Lo studio propone in particolare un grafico relativo alla provincia di Brescia. Dal quale sembra evidente la correlazione tra i picchi di diffusione del coronavirus e le giornate con alte concentrazioni di polveri sottili.
«Un monito per una rinascita sostenibile»
«A questo proposito è emblematico il caso di Roma in cui la presenza di contagi era già manifesta negli stessi giorni delle regioni padane. Senza però innescare un fenomeno così virulento», aggiunge lo studio.

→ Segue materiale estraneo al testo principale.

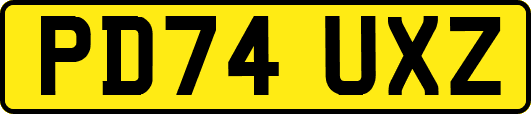 PD74UXZ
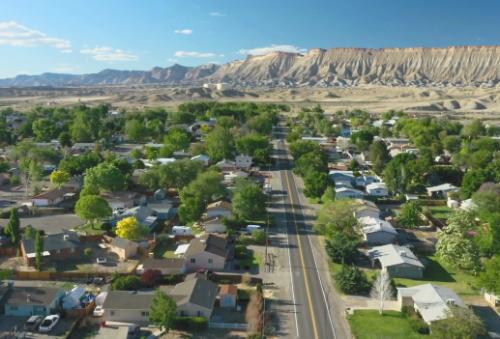 Grand Junction – Trans women dating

Che conclude la propria analisi suggerendo di introdurre «misure restrittive di contenimento dell’inquinamento».
«L’impatto dell’uomo sull’ambiente sta producendo ricadute sanitarie a tutti i livelli» commenta Alessandro Miani, presidente della Societa’ Italiana di Medicina Ambientale (SIMA). «Questa dura prova che stiamo affrontando a livello globale deve essere di monito per una futura rinascita in chiave realmente sostenibile, per il bene dell’umanità e del pianeta. In attesa del consolidarsi di evidenze a favore dell’ipotesi presentata, in ogni caso la concentrazione di polveri sottili potrebbe essere considerata un possibile indicatore o “marker” indiretto della virulenza dell’epidemia da Covid19».